The Jews had no problem acquiescing to the demands, but not before they, “carried out the word of Moshe; they requested from the Egyptians silver vessels, gold vessels, and garments. Hashem gave the people favor in the eyes of the Egyptians and they granted their request -- so they emptied Egypt” (ibid. 35-36).
But that doesn’t make any sense -- was this what the Jews were thinking about at this pivotal moment? Stealing a little gold? Were the former slaves trying to take revenge on their oppressors? Is that all they could think about at the moment of a miraculous redemption that they had waited for some two hundred years?
No! If the Jews had been acting of their own accord, they would not have needed a divine commandment in order to get them started.
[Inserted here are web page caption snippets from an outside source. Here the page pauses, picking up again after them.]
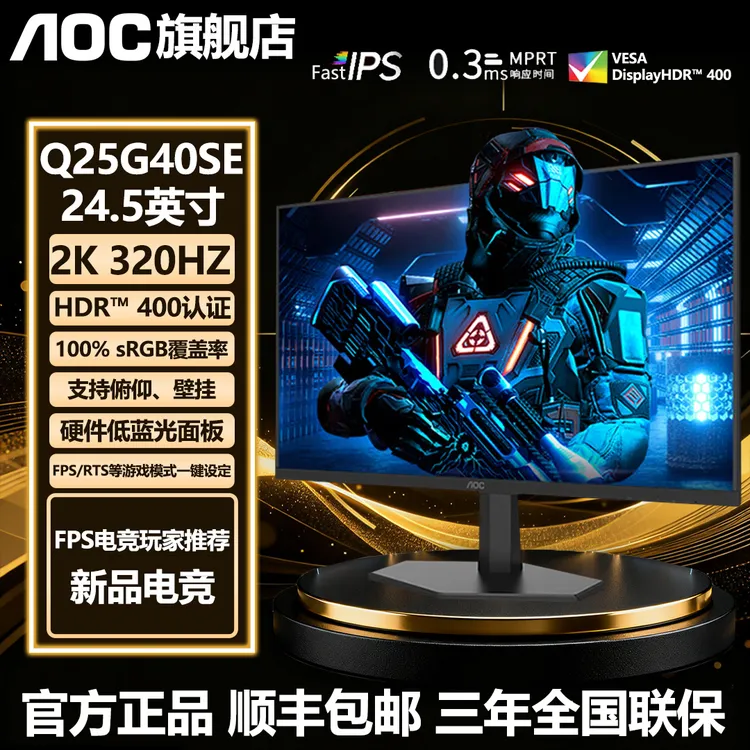 【320HZ爆款新品】AOC 24.5英寸2K320HZ FastIPS电竞显示器Q25G40SE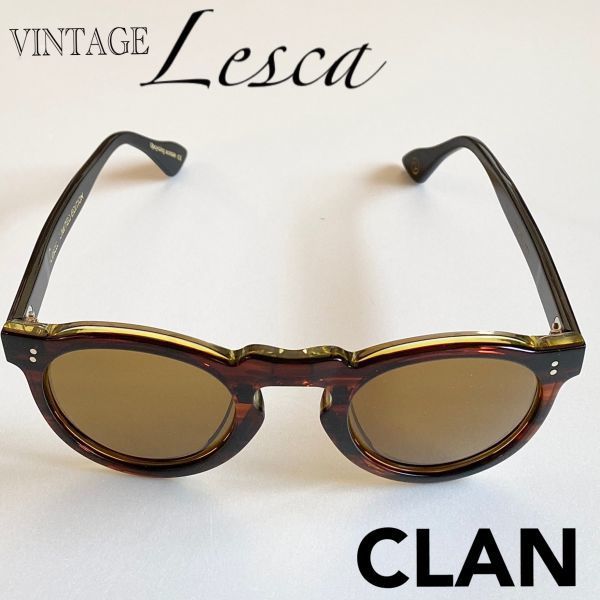 567【超希少・限定品】レスカルネティエ CLAN ヴィンテージアセテート使用 サングラス クラウンパント Vintage Lesca Lunetier 眼鏡 メガネ拍卖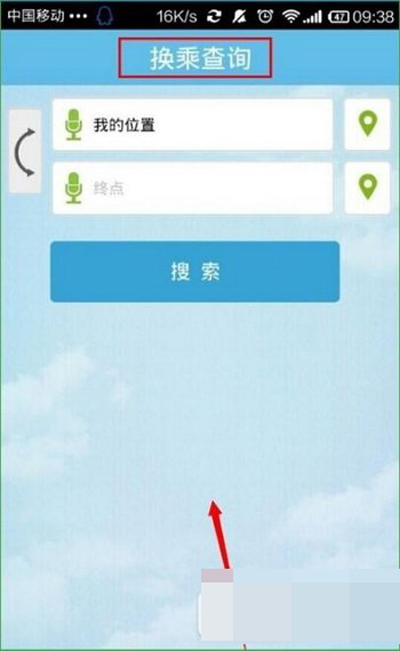 酷米客公交是怎样用(3)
Rather, G-d had planned on this event before the redemption had even begun. When the moment finally arrived, He commanded Moshe explicitly, “Please speak in the ears of the people: Let each man request of his fellow and each woman from her fellow silver vessels and gold vessels” (Exodus 11:2).
But now we have a new question: What was the purpose of this commandment? Why would G-d have the Jewish people request the possessions of other people with no intention of giving those possessions back?
The answer to this riddle lies in the accurate definition of the biblical Hebrew words used in the verse. The word used in the verse to mean “request” is “sha’al”. Modern Hebrew has redefined the word “sha’al” to mean “borrow”, but the original use of the word in the source text for all Hebrew vocabulary, the Torah, usually means “ask to have as a gift” rather than “borrow”. Whereas the word is used once, in a single verse in the entire Torah to mean “borrow”, it is used in hundreds of verses to mean “ask to have as a gift”. The grammatical rule to unlock the puzzle is this: Whenever the word “sha’al” follows the word “me’im”, it means “borrow”. Any other time, such as in our case, it means to “ask to have as a gift”.
G-d commanded the Jewish people to ask to have the Egyptians wealth in gold, silver, and textiles so that the Egyptians would learn that no profit comes from oppressing another human being. Justice demands that honest work be paid for. Even the entirety of Egyptian wealth would not have come close to the payment and damages owed the Jews after the hundreds of years of brutal enslavement and torture that the Egyptians had wreaked upon them. It appears that at the last moment before the Jewish people left, the Egyptians realized that giving the Jews their valuables was the least that they could do.